- TASK INSTRUCTIONS -
Write the listing out again word for word, leaving each picture behind.

- EXERCISE DATA -
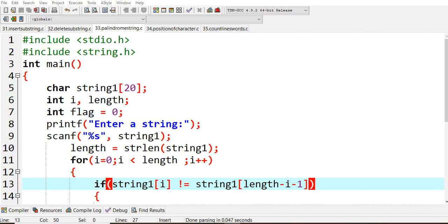We need to check whether a given word is palindrome or not. What we are trying to do is compare each string literal with the other one and check whether it is equal or not. For example, if the first value is 'm', the last value should also be 'm'. If at any point they are not equal, we come out of the loop and determine whether it is palindrome or not.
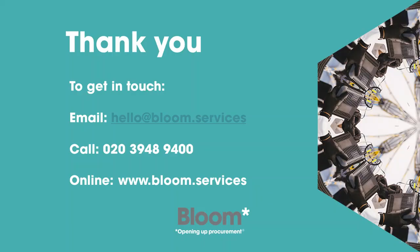That is the end of today's video. So thank you very much for your time and attention. There will be some further SDP videos on what happens when a buyer rejects a service update. In the meantime, if you want to contact us, do drop us an email on hello at bloom.services, call on 020 3948 9400, or visit our website for further information. Thank you very much.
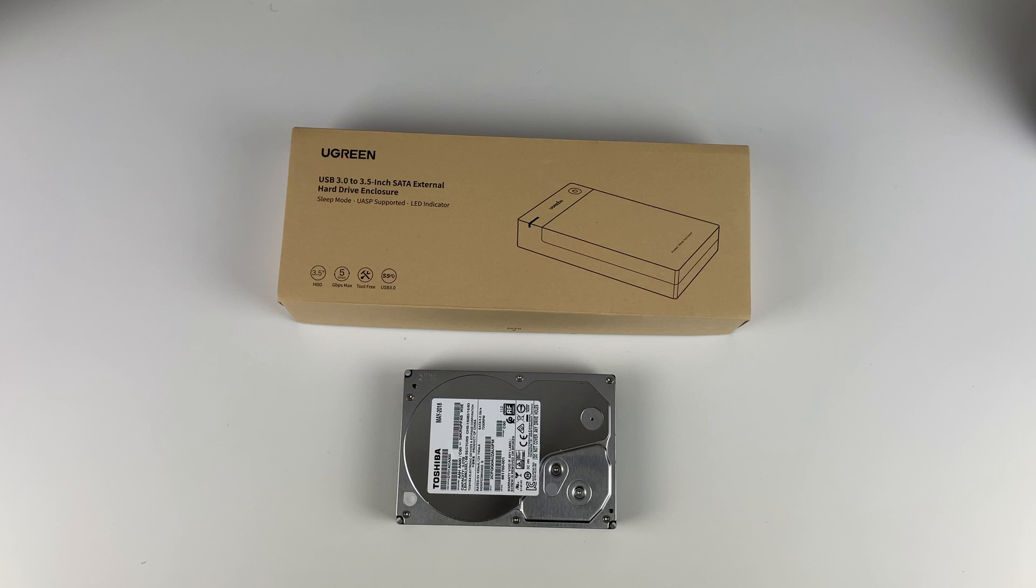Hey guys and welcome to the channel. Today we're going to be going over how to turn a regular internal drive, whether it's from a laptop or in this case a desktop, into an external drive which can be used for backup or extra storage and can be moved easily from computer to computer.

- RESPONSE BELOW -
We need to check whether a given word is palindrome or not. What we are trying to do is compare each string literal with the other one and check whether it is equal or not. For example, if the first value is 'm', the last value should also be 'm'. If at any point they are not equal, we come out of the loop and determine whether it is palindrome or not.
That is the end of today's video. So thank you very much for your time and attention. There will be some further SDP videos on what happens when a buyer rejects a service update. In the meantime, if you want to contact us, do drop us an email on hello at bloom.services, call on 020 3948 9400, or visit our website for further information. Thank you very much.
Hey guys and welcome to the channel. Today we're going to be going over how to turn a regular internal drive, whether it's from a laptop or in this case a desktop, into an external drive which can be used for backup or extra storage and can be moved easily from computer to computer.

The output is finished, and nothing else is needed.